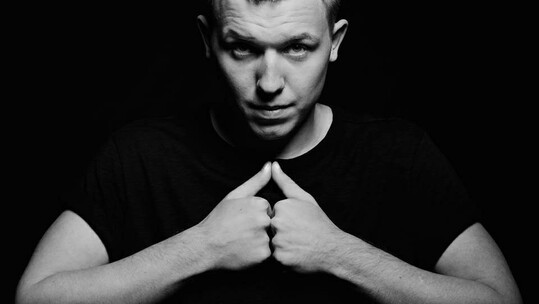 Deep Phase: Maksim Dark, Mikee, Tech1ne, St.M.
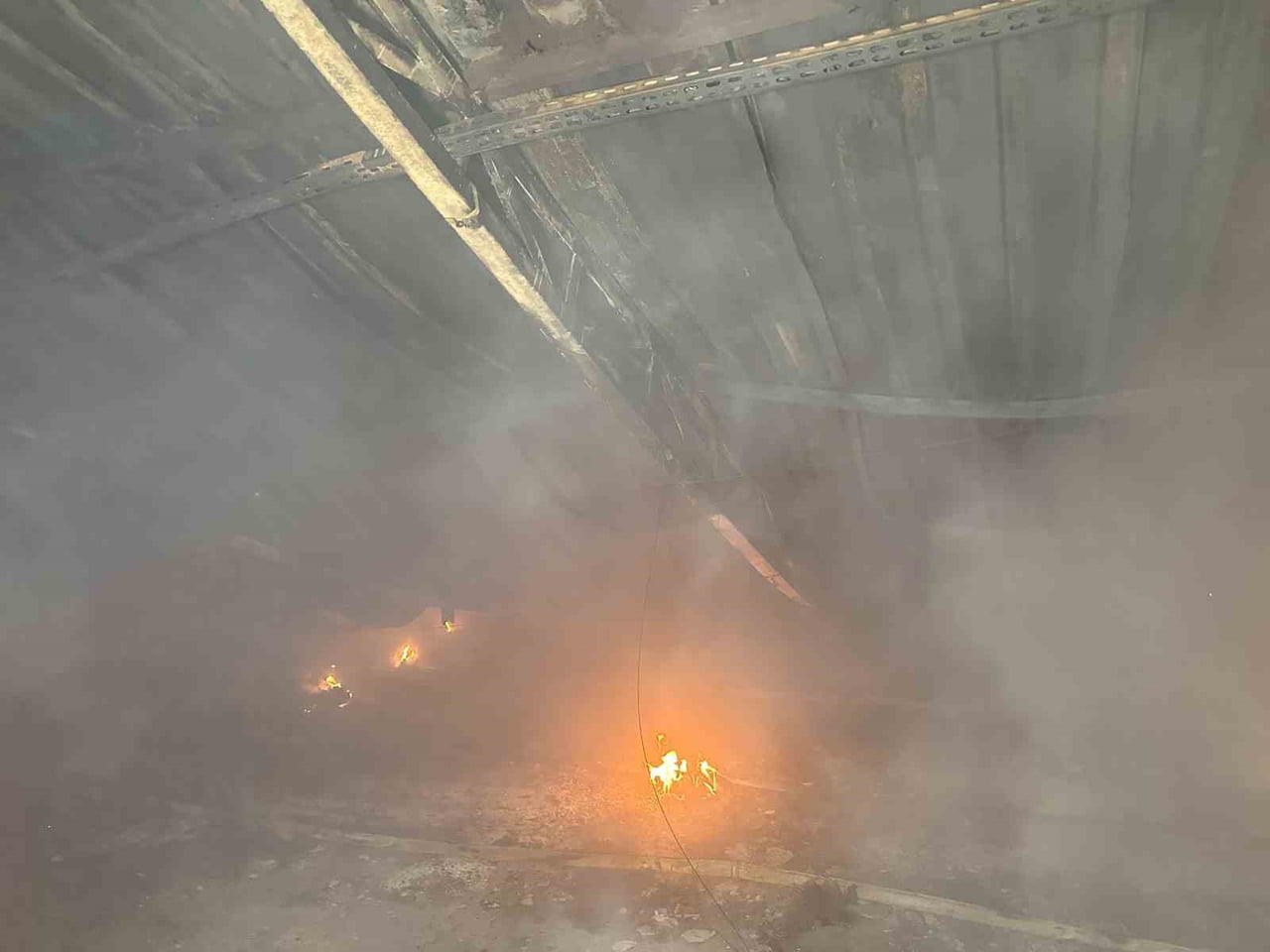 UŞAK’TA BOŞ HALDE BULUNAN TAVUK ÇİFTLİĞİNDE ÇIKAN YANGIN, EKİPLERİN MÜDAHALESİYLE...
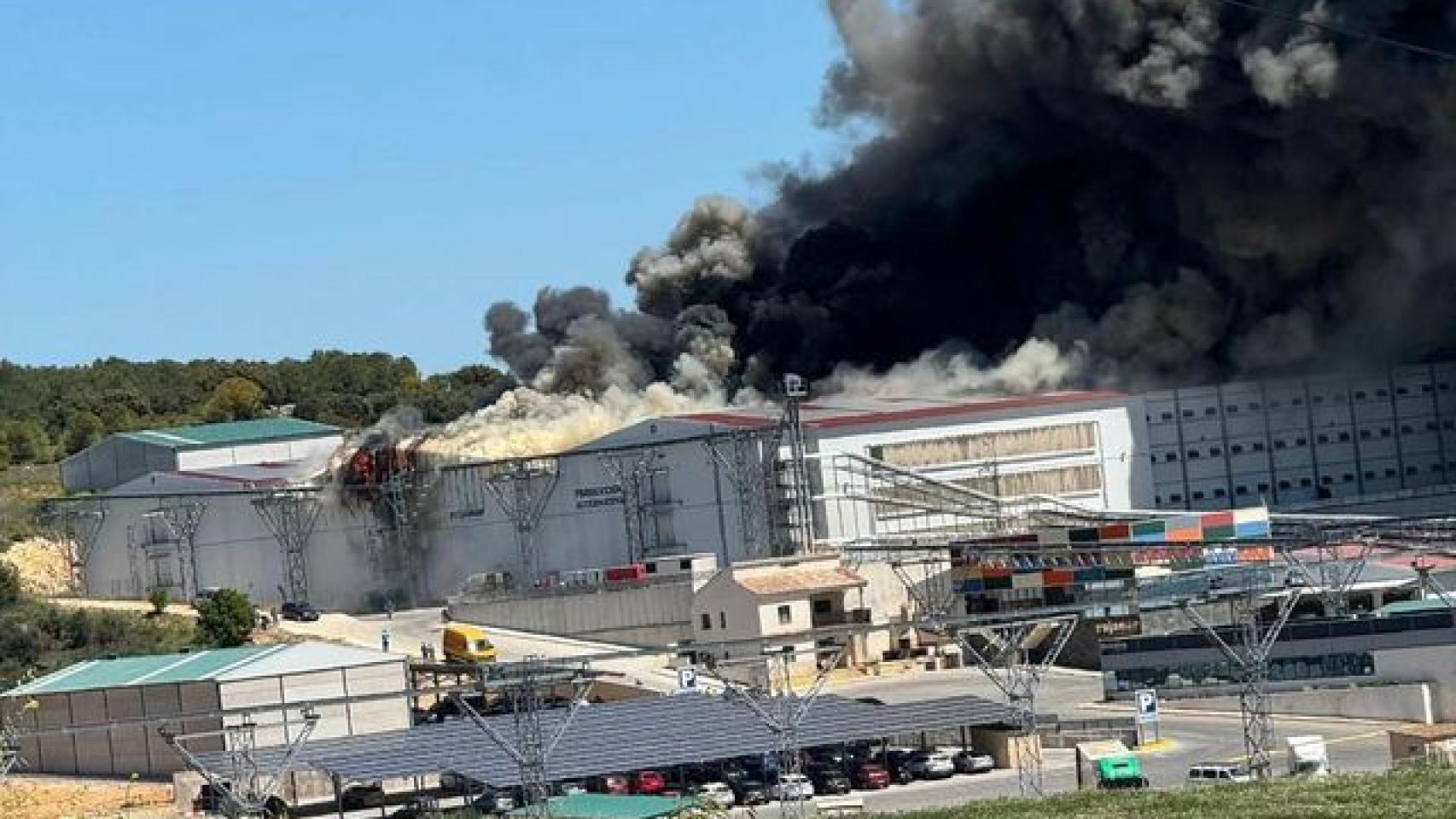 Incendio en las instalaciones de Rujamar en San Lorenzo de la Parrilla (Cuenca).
==========
• To do: The result should be a transcript of the lines from the line containing "UŞAK’TA BOŞ HALDE" through the end of the listing above, exact, inclusive, and without pictures.

• Exercise output:
 UŞAK’TA BOŞ HALDE BULUNAN TAVUK ÇİFTLİĞİNDE ÇIKAN YANGIN, EKİPLERİN MÜDAHALESİYLE...
 Incendio en las instalaciones de Rujamar en San Lorenzo de la Parrilla (Cuenca).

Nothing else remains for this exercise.